何のことやら。杞憂に終わってくれることを願いつつ、雑駁なメモ。
有能な弁護士さんが、企業内で法務の最高責任者に就かれて、就任早々矢継ぎ早に種々の改革を実施し、法務部門の業務の「仕分け」をして、他部門に引き取ってもらうべき業務を引き取ってもらい、法務部門の「働き方改革」に成功したとの報に接した*1。
一見すると、すごい成果にも見える。瞬間最大風速的にはそうだろう。
しかし、こちらの目には別の見え方をしており、むしろ懸念を覚えた。以下若干のメモをしてみる。あくまでも実情に接していない段階での懸念に過ぎず、事実誤認である可能性があるし、むしろ杞憂であることを強く願うのだが、以下で書くような事態は、別のところで接したことがあり*2、ある種よくあることにも見える。そうしたことがかの会社で将来生じることを懸念する次第である。
地位(社内的な立場や弁護士資格)と論理で「改革」を上から進めるのは、相対的には容易という気もする。特に、その上(煎じ詰めると社長になろうか)からの支持があるのであれば。それに加えて能力と気力があればなおのこと。
ただし、そのことは、下から反発を受けないことを保証しない。論理的にいくら正しかろうと、感情面で納得できなければ反発は受ける。それぞれの部署はそれぞれの専門性があり、そうした立場からものをいうのを無視しているかのように受け取られてしまえば*3、そういう反応を招くのは避けられないだろうし、入ってからの日数が短ければ、正しいことを言っていたとしても、「社内のこともわからずに何をいうのか」と思う層が出るのはほぼ必定だろう*4。
こうした反発は、反発する側の処世術として明示的になされないことが通常で、辞表をたたきつけるようなわかりやすい「勇者」はまだ多くないだろう*5。そして、上に政策あれば下に対策あり、というように、現場レベルで見えづらい形での反発が生じる可能性がある。情報を共有しない、調整が必要な話は、調整が終わって今更再調整が不可能になってからしか共有しない、などがそうした反発の典型であろう。
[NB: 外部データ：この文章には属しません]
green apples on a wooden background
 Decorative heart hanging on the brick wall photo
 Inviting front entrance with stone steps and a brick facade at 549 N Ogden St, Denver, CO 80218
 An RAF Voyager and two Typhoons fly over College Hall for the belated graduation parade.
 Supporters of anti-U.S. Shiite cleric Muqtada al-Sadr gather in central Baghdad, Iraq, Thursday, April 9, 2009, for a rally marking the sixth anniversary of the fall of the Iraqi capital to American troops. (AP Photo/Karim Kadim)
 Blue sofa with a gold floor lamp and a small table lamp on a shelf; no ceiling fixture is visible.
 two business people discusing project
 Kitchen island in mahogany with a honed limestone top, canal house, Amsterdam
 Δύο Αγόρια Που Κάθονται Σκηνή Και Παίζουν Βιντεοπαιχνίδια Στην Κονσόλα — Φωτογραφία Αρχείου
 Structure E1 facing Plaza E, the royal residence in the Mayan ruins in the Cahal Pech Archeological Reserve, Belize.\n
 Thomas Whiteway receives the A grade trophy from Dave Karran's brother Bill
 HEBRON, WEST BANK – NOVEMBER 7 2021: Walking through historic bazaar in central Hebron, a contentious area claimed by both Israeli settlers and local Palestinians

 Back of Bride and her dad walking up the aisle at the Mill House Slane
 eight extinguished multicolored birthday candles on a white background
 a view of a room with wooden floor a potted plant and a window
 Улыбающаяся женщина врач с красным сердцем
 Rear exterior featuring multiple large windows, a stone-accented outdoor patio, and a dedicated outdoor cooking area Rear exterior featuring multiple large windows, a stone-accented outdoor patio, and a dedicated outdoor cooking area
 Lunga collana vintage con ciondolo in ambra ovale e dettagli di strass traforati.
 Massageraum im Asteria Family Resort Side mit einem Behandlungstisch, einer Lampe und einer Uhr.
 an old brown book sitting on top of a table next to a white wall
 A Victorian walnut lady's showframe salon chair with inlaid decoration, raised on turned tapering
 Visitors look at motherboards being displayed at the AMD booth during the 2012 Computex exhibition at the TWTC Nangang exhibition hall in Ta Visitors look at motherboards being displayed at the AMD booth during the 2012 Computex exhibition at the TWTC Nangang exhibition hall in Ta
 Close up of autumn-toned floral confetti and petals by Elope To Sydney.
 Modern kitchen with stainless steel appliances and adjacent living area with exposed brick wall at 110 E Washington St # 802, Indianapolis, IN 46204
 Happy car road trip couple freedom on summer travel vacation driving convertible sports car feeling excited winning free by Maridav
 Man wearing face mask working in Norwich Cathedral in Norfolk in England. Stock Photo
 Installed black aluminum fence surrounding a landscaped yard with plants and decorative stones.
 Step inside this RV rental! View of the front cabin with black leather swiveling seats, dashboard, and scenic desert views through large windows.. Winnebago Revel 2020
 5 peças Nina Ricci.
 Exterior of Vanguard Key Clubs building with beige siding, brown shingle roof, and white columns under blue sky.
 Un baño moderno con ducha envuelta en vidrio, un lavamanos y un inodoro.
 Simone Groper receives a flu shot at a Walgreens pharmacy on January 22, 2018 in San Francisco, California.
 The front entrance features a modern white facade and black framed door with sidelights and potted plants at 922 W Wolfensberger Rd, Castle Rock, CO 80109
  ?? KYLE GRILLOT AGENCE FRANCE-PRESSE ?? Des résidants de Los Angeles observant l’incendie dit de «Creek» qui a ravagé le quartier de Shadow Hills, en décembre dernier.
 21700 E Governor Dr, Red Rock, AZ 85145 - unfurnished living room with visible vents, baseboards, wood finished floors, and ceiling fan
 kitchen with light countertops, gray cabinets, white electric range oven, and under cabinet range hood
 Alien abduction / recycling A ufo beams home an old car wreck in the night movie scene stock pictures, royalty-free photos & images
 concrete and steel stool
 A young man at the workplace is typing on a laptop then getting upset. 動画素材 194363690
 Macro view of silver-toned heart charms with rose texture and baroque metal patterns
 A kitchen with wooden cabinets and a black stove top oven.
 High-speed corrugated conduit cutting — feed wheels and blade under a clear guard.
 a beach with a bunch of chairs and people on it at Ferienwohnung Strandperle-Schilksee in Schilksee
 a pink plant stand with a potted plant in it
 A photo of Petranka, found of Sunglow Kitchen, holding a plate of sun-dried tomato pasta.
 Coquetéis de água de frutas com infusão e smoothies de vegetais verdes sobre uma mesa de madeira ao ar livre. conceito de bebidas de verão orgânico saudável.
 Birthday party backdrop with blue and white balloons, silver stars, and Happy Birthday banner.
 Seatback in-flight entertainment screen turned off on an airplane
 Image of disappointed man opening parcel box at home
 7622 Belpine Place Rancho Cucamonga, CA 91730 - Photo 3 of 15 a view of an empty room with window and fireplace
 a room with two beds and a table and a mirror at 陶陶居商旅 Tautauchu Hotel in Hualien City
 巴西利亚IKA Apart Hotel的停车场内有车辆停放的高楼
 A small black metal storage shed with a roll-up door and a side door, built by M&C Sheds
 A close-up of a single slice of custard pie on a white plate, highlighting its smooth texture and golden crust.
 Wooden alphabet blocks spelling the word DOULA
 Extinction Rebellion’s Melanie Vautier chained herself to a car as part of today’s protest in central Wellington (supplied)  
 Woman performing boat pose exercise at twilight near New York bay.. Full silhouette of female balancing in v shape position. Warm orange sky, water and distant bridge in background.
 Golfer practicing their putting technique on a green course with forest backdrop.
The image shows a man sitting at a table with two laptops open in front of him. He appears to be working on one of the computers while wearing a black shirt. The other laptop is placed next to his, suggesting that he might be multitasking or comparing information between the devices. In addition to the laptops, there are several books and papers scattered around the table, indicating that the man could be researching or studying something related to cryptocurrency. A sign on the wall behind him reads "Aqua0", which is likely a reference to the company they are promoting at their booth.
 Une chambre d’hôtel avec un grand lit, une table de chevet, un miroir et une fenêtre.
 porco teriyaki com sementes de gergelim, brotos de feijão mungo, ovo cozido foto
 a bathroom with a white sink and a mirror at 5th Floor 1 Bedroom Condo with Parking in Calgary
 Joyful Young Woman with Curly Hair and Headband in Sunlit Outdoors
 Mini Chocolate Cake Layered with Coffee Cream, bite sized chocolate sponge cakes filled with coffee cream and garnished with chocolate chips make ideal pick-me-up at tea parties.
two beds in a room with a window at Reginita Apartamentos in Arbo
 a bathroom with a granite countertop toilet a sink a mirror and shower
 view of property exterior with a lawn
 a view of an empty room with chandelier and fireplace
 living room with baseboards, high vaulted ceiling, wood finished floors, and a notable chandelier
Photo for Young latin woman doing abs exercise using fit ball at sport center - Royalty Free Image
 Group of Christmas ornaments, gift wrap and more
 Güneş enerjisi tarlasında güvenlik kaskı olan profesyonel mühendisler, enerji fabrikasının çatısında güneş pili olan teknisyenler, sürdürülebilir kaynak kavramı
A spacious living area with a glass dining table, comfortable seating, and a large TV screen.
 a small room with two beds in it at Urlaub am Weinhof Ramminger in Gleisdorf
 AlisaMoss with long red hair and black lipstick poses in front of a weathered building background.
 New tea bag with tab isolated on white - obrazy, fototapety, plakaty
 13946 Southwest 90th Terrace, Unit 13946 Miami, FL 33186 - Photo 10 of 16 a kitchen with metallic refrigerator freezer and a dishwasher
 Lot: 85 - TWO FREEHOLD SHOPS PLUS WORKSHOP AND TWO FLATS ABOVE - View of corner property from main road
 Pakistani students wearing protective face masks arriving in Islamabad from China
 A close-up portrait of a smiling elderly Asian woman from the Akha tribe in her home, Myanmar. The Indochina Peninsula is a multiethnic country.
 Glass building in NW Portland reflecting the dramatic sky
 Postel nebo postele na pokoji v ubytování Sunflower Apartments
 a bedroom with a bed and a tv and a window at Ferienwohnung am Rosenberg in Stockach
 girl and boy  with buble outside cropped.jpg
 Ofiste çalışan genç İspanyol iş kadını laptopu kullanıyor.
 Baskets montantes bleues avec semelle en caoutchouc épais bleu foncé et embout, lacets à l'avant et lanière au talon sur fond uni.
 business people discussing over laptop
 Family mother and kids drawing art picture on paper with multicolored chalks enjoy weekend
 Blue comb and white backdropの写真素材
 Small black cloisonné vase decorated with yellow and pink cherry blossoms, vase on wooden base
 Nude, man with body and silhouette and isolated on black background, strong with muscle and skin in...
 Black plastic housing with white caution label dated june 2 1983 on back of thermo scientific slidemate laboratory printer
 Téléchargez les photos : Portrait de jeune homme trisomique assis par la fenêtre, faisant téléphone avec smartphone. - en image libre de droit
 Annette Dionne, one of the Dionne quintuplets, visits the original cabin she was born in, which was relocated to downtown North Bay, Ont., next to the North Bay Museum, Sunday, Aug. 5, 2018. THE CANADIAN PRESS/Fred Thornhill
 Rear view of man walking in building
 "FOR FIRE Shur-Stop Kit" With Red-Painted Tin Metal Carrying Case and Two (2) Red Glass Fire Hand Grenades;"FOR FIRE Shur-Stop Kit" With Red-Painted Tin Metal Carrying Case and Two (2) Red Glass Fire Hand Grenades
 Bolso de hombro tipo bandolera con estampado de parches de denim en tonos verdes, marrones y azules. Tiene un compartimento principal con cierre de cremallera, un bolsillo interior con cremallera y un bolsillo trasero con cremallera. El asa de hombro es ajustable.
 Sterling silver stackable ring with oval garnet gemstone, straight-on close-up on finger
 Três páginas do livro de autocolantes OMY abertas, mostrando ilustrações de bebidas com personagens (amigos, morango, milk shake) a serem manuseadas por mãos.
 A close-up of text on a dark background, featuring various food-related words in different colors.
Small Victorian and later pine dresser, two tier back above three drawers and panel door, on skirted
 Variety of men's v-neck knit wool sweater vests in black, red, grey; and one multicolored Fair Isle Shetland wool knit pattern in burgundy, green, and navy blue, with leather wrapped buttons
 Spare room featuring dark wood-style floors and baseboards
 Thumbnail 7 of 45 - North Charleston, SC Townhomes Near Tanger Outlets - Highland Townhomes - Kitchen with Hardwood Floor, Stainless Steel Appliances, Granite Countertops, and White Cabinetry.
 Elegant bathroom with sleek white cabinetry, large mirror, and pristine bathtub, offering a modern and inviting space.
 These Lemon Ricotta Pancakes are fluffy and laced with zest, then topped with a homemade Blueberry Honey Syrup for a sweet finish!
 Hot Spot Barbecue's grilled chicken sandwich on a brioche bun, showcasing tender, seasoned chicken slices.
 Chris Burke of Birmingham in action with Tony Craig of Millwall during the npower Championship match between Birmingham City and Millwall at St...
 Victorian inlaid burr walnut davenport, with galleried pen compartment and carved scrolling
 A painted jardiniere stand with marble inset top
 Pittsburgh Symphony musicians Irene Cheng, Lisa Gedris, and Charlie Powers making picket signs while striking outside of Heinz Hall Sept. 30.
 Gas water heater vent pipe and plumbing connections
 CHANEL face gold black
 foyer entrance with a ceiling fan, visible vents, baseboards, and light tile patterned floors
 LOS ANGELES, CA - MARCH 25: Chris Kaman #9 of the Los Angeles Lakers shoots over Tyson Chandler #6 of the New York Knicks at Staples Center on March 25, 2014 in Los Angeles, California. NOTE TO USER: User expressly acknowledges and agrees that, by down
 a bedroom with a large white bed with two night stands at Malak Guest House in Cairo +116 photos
この種の事態が生じてしまうと、法務組織として対応することになるが、組織内でも内心反発していると対応の実効性が削がれるのは言うまでもない。
また、法務がすべきではない業務を「仕分け」して、他部署に戻したというのも、そもそもなぜ法務が引き取っていたか、の理由次第では、反発を招くのみならず、別の弊害を生じる危険がある。戻した先の部署側が業務処理能力の面でパンクしていれば、業務が停滞しかねないし、能力不足であれば、ミスが生じる危険もある。法務がすべき業務かという「仕分け」とともに、戻して大丈夫かというある種のFSが必要になる。業務自体をなくすのであれば、なくして大丈夫かという観点から同種の検討が必要になる。
もう一つ考えておくべきは、この種の反発は、時間的には長く続くことだろう。「改革者」が去った後でも長く祟る、ということもあり得る。前の「改革者」への反発が、次に来た「改革者」への桎梏となるというのも、まれではないと感じる。
…以上つらつら書いたことがこちらの杞憂であることを願うばかりである。
*1:どなたかにご迷惑をかけるのを避ける趣旨で、原文からは表現を修正しており、原文へのリンクなどはしないでおく。
*2:詳細はさすがに書けないが。
*3:ここは相手基準なので、当人の主観は一切問題にならないことは留意が必要だろう。何よりもそういう印象を持たれないよう、気持ちよく働いてもらえるよう、相手の能力などにかかわらず、相応の敬意を払うなどの配慮が必要であろう。自分の立場が上であればなおのこと。
*4:外資から来た外国資格持ちがJTCに入ってこの種の反発を受けるというのはある意味で典型的なパターンかもしれない。
*5:表向き別の理由で退職するというほうがむしろ多いのではないか。いったん気持ちが切れれば、ことさらに波風を立てる必要はなく、むしろいかに円滑に離脱するかが重要になるのだから。